:: Instructions to follow ::
Repeat each record exactly as written, and drop any images.
Start of Excerpted records
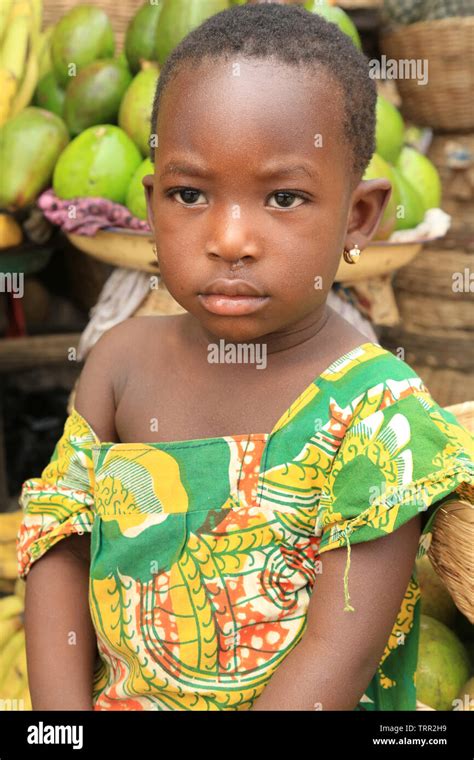 Portrait De Jeune Fille Africaine Fotos Und Bildmaterial In Hoher Auflösung Alamy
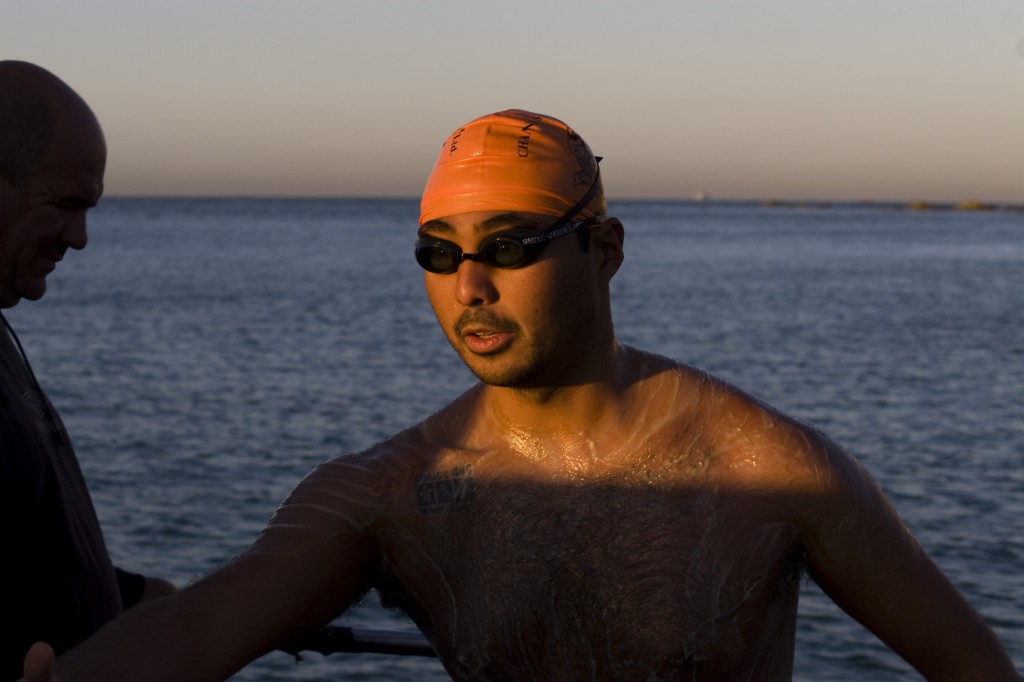 O nadador Tiago Sato - Foto: Henry Macário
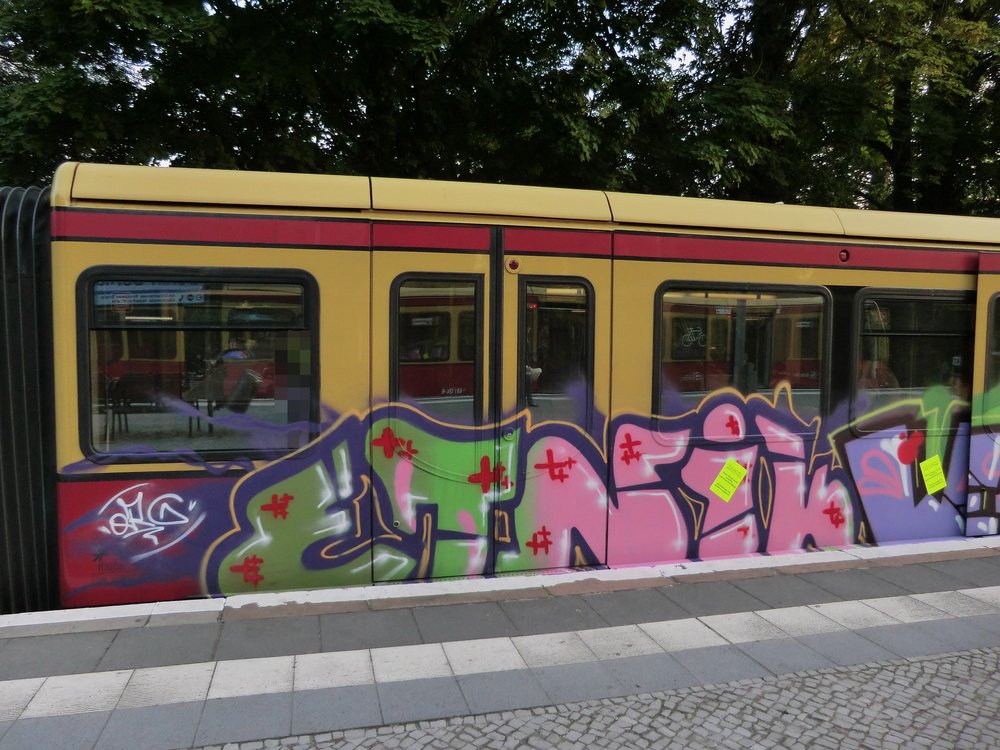 Graffiti Train - Photo by Marieundjana - etnik, org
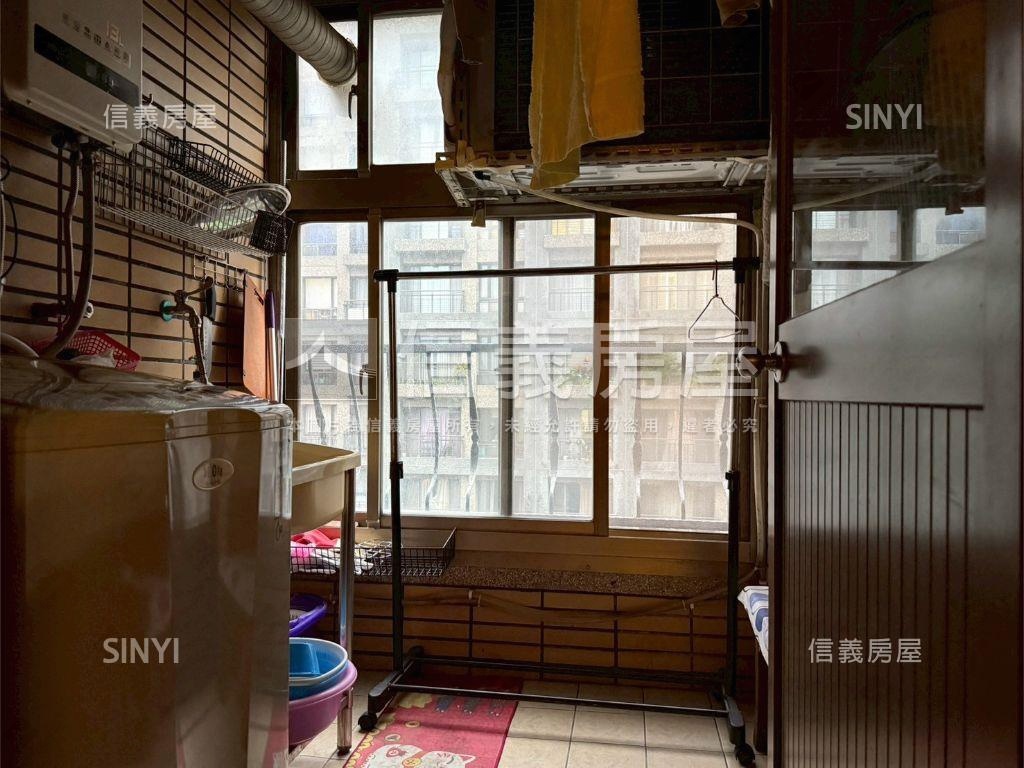 百達翡翠美三房房屋室內格局與周邊環境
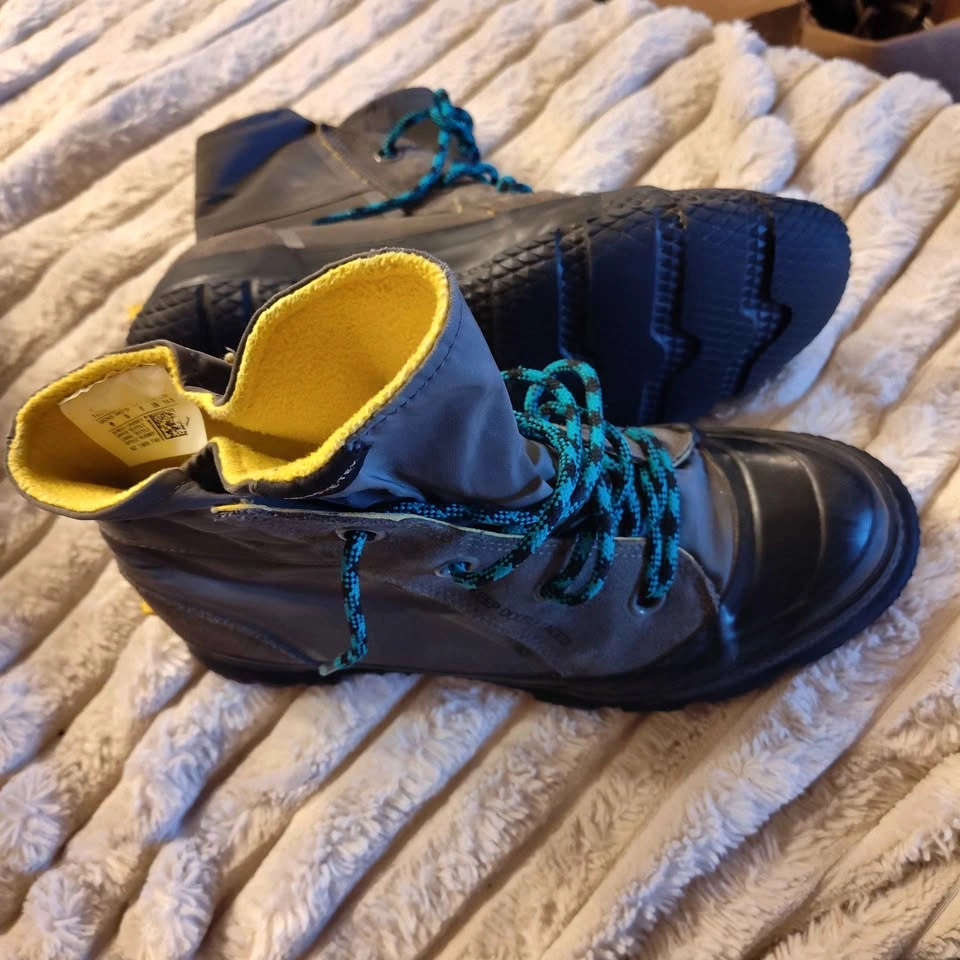 CONVERSE ALL STAR GORE TEX WATERPROOF MENS 6 WOMENS 8 - photo 2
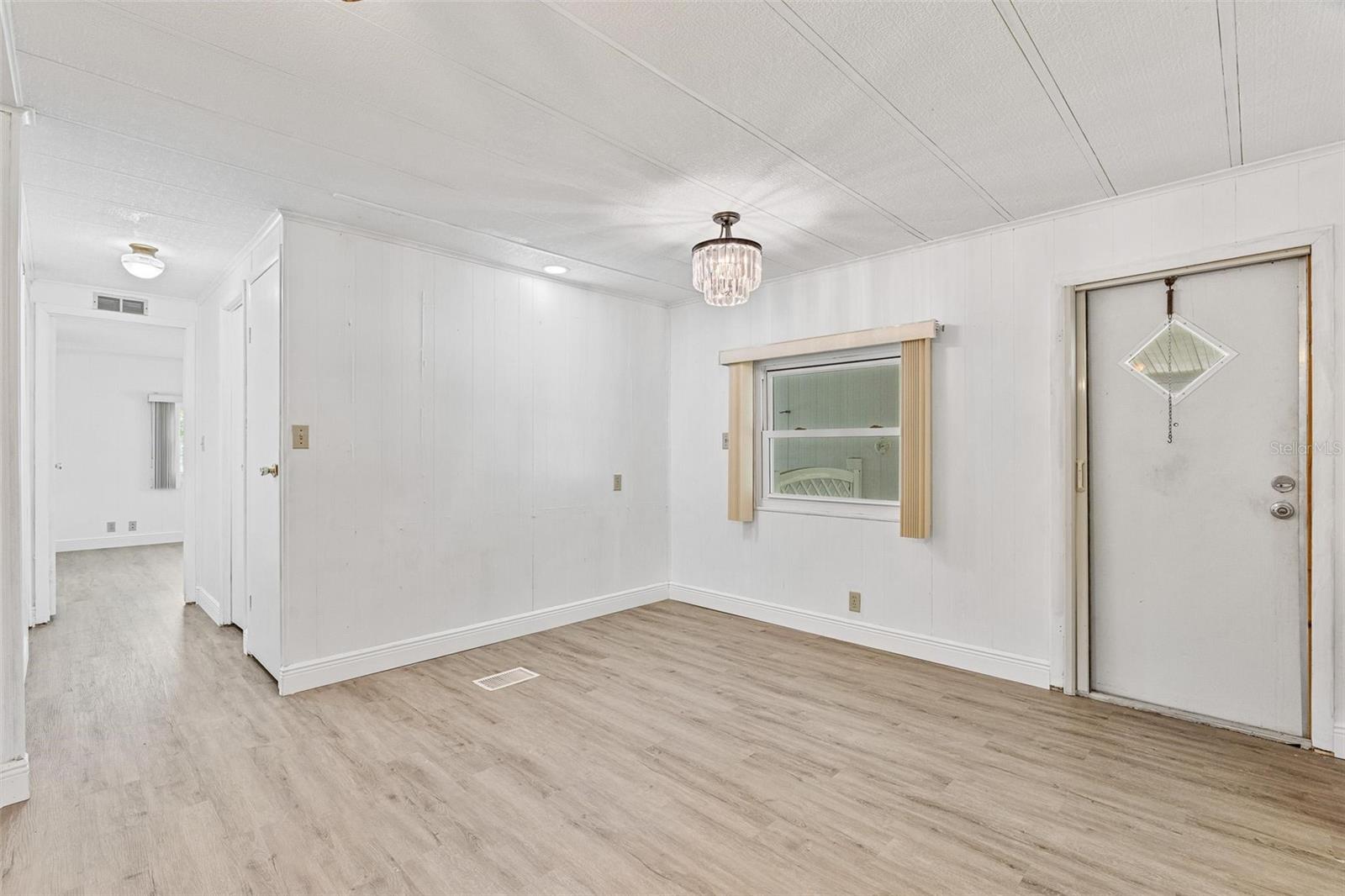 Image 10 of 29 For 703 Larado Drive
End of Excerpted records
:: Response box ::
 Portrait De Jeune Fille Africaine Fotos Und Bildmaterial In Hoher Auflösung Alamy
 O nadador Tiago Sato - Foto: Henry Macário
 Graffiti Train - Photo by Marieundjana - etnik, org
 百達翡翠美三房房屋室內格局與周邊環境
 CONVERSE ALL STAR GORE TEX WATERPROOF MENS 6 WOMENS 8 - photo 2
 Image 10 of 29 For 703 Larado Drive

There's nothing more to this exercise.